**What the task asks**
Restate word for word the entries below, starting at the line with "Open Concept Open Concept" and ending at the line with "Tênis Olympikus Flux - Feminino - Foto 10". Keep both end lines and omit the pictures.

**Data records**
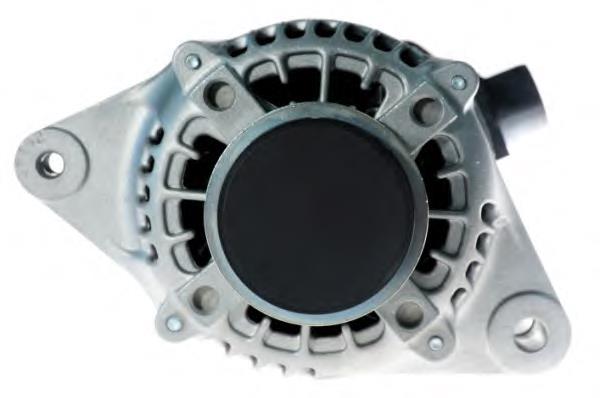 2706030120 Toyota Alternator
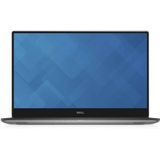 Dell Precision 5510 - Intel Core i7-6e Generatie - 15 inch - 16GB RAM - 256GB SSD - Windows 11 Zichtbaar gebruikt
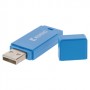 UNITA\' FLASH USB 2.0 DA 32 GB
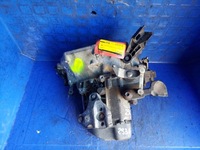 фото thumb №7, Коробка передач peugeot 208 1.2 vti 20cr15 бензин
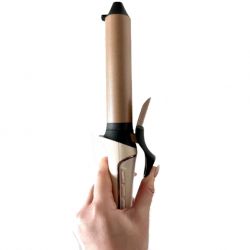 Lokówka Remington PROluxe CI9132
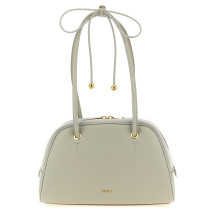 [Furla] Tote bag FW26 WB02109BX45734897S
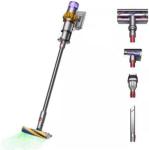 Dyson V15 Detect Cordless Vacuum Cleaner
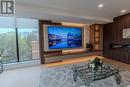 Open Concept Open Concept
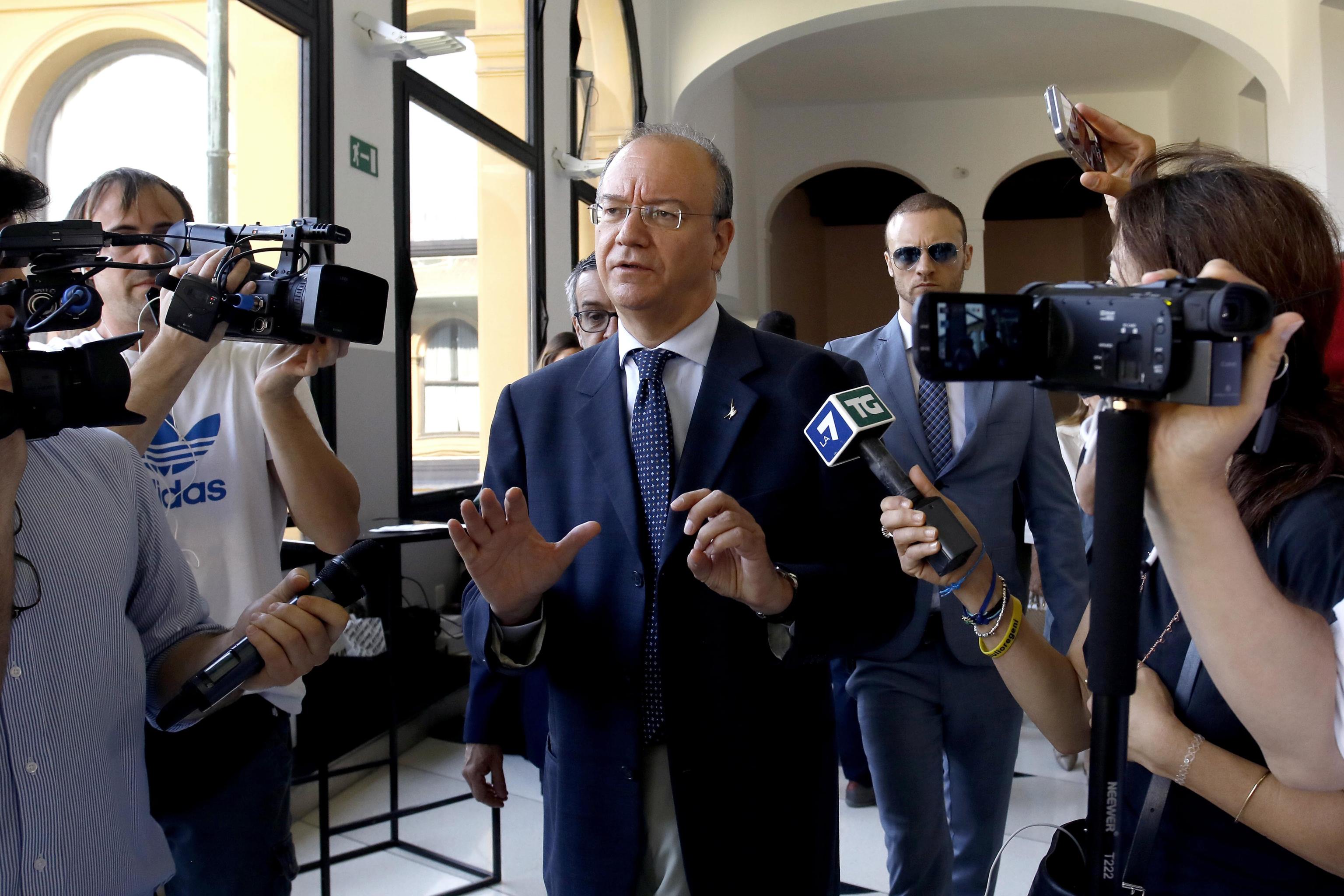 Valditara: “Il voto in condotta avrà maggiore valore”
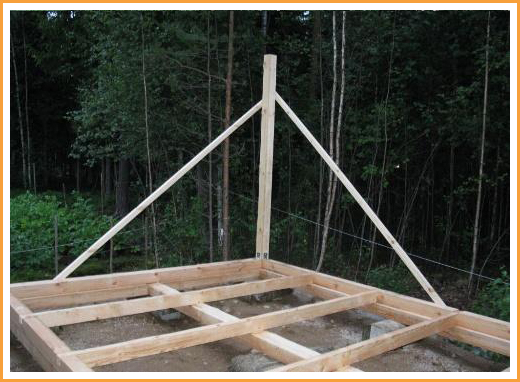 Image - Do-it-yourself change houses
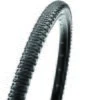 MAXXIS Rambler Vouwband - 700x40C - Dubbele Samenstelling - TR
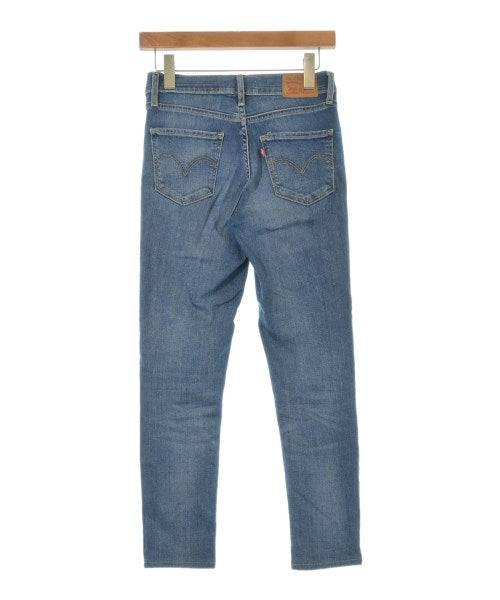 LEVI'S ยีนส์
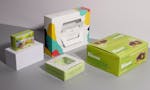 Thinkink Packaging image
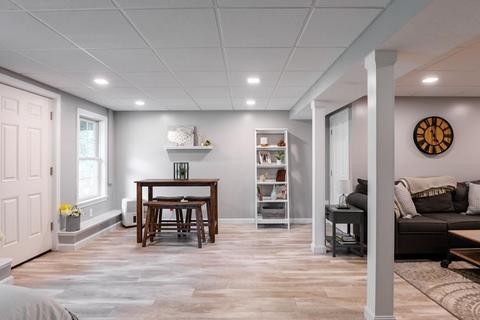 362 High St, Hanson, MA 02341 photo 29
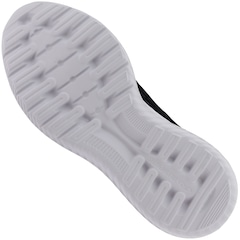 Tênis Olympikus Flux - Feminino - Foto 10
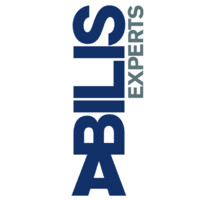 Abilis Experts by ValmontFid logo - Similar company to Stratinnov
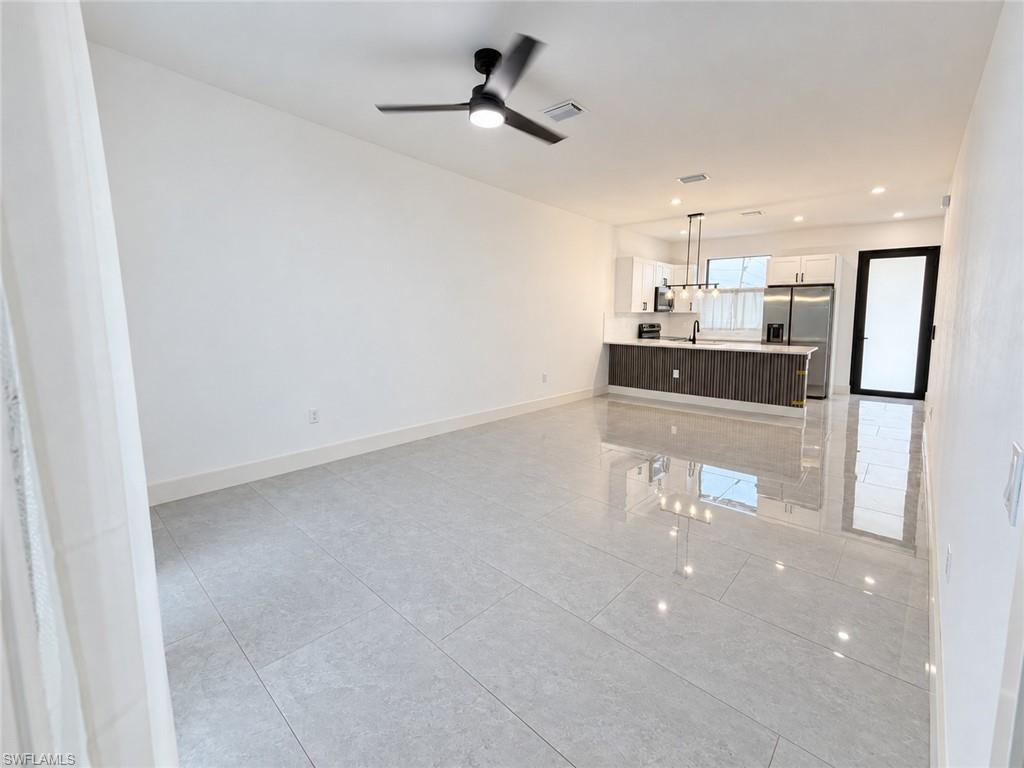 LEHIGH ACRES - Residential Income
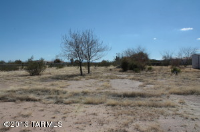 5432 N Blacktail Rd, Marana, Arizona  Image #5731295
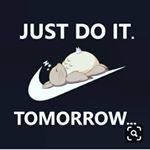 Profile Picture of jean isnard (@jisnard) on Instagram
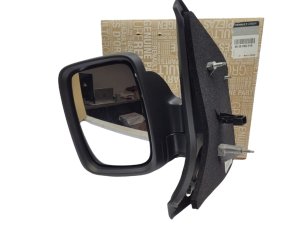 Vänster sidospegel 963029021R Renault Trafic III Original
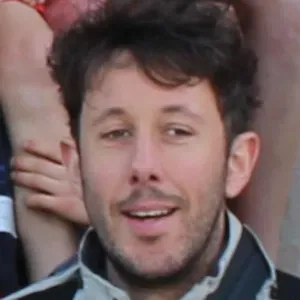 Garde d'enfant à partir de 3 Ans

**Exercise solution**
 Open Concept Open Concept
 Valditara: “Il voto in condotta avrà maggiore valore”
 Image - Do-it-yourself change houses
 MAXXIS Rambler Vouwband - 700x40C - Dubbele Samenstelling - TR
 LEVI'S ยีนส์
 Thinkink Packaging image
 362 High St, Hanson, MA 02341 photo 29
 Tênis Olympikus Flux - Feminino - Foto 10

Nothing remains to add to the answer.